Dive Brief:
- Martin Tolar, the CEO of Alzheon, is laying down the gauntlet, claiming that his company is way ahead of Biogen in developing an effective Alzheimer's disease (AD) drug.
- Biogen made headlines in March when its AD drug candidate BIIB037 (adacanumab) showed the ability to not only decrease amyloid-beta levels in clinical trial subjects, but also to decrease the rate of cognitive decline. Biogen's market cap increased by $10 billion based on this news.
- Tolar previously ran Pfizer's Alzheimer's programs.
Dive Insight:
The fact that there are two companies with drugs that potentially treat the cognitive decline associated with AD is newsworthy on many levels. First, there has not been a new AD drug introduced since the 2003 (that is when Namenda was introduced by Forest Labs, note that Namenda is now owned by Actavis). Moreover, more than 100 investigational drugs have failed at some point during development in the last 15 years, as the costs associated with managing the lives of people with AD have exploded— direct costs were roughly $214 billion in 2014, and are expected to reach $1.2 trillion by 2050.
Tolar is excited about his the prospects for Alzheon's AD drug—a pill that prevents the build-up of amyloid-beta protein—because of promising efficacy results in early-stage studies of 2,000 patients.
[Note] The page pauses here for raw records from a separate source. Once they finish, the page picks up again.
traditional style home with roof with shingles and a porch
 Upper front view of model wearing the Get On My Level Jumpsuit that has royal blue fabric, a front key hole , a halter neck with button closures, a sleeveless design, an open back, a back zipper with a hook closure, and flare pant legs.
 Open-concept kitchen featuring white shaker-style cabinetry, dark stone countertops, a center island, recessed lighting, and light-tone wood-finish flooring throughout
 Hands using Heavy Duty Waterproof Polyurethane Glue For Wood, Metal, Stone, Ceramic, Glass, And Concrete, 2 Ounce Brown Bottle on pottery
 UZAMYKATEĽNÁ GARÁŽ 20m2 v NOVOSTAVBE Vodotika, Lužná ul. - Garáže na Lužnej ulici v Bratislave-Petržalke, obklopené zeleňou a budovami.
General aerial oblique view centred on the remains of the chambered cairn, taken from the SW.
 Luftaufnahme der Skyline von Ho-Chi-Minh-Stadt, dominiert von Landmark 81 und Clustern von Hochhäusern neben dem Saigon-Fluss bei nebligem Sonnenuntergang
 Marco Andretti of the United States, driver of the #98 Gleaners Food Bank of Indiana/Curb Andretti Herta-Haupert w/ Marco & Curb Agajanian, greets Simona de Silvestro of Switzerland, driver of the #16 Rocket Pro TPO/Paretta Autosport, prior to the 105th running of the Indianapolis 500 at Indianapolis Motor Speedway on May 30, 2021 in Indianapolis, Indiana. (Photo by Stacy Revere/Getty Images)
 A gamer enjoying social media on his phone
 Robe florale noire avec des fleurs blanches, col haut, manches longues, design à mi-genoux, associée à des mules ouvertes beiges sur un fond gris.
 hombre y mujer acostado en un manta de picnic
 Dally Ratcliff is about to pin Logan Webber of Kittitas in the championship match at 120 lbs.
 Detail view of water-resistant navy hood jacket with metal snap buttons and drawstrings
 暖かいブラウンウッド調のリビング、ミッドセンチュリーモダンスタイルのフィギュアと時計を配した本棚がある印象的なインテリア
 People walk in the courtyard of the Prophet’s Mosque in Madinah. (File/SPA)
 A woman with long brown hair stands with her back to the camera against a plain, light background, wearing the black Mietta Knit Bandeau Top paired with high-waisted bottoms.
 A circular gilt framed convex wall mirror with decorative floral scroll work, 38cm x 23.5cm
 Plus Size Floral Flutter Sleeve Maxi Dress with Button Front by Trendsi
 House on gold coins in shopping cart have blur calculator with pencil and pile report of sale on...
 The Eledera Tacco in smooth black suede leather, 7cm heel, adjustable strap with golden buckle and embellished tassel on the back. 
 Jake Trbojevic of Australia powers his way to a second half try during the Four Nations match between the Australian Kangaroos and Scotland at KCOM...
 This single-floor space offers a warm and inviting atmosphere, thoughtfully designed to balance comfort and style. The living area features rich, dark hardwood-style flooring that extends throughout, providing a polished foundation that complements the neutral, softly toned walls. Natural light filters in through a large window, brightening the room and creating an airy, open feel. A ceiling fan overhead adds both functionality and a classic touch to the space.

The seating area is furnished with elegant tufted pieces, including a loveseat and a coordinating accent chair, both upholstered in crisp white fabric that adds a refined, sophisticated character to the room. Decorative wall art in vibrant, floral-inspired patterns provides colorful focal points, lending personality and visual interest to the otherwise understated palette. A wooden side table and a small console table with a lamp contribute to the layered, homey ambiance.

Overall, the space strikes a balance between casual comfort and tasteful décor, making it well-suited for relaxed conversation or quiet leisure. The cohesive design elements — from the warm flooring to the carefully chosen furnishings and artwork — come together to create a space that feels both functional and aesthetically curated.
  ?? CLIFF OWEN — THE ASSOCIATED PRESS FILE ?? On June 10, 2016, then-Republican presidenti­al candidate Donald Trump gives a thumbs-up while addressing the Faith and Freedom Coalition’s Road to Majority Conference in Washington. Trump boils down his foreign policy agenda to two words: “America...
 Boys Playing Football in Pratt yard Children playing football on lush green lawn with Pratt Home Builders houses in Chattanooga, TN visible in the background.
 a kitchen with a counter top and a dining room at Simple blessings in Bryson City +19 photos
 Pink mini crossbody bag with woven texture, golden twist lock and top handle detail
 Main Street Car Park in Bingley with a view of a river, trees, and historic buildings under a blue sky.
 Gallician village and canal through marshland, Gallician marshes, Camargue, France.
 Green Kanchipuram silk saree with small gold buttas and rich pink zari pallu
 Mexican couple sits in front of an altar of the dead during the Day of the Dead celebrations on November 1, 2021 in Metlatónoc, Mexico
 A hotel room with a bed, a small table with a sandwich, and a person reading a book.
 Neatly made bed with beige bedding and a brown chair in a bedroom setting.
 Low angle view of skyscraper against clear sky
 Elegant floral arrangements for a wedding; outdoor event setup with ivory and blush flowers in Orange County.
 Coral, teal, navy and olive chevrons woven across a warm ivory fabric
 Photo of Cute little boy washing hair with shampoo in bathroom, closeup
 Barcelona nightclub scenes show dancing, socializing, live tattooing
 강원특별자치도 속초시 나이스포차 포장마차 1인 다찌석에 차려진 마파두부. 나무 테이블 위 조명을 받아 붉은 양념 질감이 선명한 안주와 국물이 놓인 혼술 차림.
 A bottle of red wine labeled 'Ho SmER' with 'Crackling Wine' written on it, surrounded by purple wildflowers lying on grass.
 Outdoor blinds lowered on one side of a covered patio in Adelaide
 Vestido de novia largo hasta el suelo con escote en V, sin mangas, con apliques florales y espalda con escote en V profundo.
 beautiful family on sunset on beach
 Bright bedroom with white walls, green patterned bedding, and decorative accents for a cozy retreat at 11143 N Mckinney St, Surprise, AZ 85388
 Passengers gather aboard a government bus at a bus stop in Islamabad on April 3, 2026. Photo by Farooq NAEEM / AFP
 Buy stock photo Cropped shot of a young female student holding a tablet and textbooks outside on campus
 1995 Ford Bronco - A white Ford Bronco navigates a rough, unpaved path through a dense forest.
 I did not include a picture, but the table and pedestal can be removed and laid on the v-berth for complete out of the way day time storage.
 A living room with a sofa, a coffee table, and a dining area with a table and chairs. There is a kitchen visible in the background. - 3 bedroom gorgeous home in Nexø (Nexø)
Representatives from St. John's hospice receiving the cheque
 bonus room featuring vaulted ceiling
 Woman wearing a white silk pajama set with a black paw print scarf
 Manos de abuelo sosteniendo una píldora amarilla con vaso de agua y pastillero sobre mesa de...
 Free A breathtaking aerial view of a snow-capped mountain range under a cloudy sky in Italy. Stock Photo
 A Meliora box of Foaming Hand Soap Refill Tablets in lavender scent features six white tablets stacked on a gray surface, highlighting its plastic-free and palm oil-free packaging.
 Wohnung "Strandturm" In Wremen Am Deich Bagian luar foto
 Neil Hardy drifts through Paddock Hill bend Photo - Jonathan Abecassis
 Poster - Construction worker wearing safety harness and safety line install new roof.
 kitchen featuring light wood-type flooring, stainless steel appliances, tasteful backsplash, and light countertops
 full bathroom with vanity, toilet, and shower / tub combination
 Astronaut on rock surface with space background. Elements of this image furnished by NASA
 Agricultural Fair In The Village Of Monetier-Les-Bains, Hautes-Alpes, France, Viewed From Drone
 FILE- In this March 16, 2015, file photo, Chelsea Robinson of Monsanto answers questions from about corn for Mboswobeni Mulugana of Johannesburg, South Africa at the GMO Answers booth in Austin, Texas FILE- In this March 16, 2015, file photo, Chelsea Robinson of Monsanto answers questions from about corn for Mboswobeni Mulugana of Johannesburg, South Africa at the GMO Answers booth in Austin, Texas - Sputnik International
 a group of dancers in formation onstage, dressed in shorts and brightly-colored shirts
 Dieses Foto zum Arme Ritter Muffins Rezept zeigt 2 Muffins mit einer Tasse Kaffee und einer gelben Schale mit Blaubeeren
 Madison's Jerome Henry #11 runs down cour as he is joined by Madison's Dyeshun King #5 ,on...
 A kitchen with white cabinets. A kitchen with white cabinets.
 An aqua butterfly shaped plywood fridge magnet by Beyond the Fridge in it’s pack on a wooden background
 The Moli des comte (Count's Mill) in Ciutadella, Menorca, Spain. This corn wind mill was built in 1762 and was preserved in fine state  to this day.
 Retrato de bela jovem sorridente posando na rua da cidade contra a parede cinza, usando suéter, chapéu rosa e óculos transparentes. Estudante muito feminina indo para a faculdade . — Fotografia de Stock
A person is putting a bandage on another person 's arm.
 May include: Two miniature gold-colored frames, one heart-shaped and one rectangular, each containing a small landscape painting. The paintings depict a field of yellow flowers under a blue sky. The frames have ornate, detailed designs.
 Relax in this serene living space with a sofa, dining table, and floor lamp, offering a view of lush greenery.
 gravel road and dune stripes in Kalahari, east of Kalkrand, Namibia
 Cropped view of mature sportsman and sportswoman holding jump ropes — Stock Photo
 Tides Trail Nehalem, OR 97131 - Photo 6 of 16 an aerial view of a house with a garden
That is a substantially larger dataset than Biogen's. In addition, Alzheon's AD drug is targeted for patients with an APoE4 gene mutation, which affects more than 50% of patients with AD. Alzheon is prepping for larger, phase II and phase III trials. Tolar optimistically predicted that if all goes well, its AD drug could be launched by 2018.
In this case, the more competition the better. In fact, if both Alzheon and Biogen prevail in their drug-development efforts, everyone wins.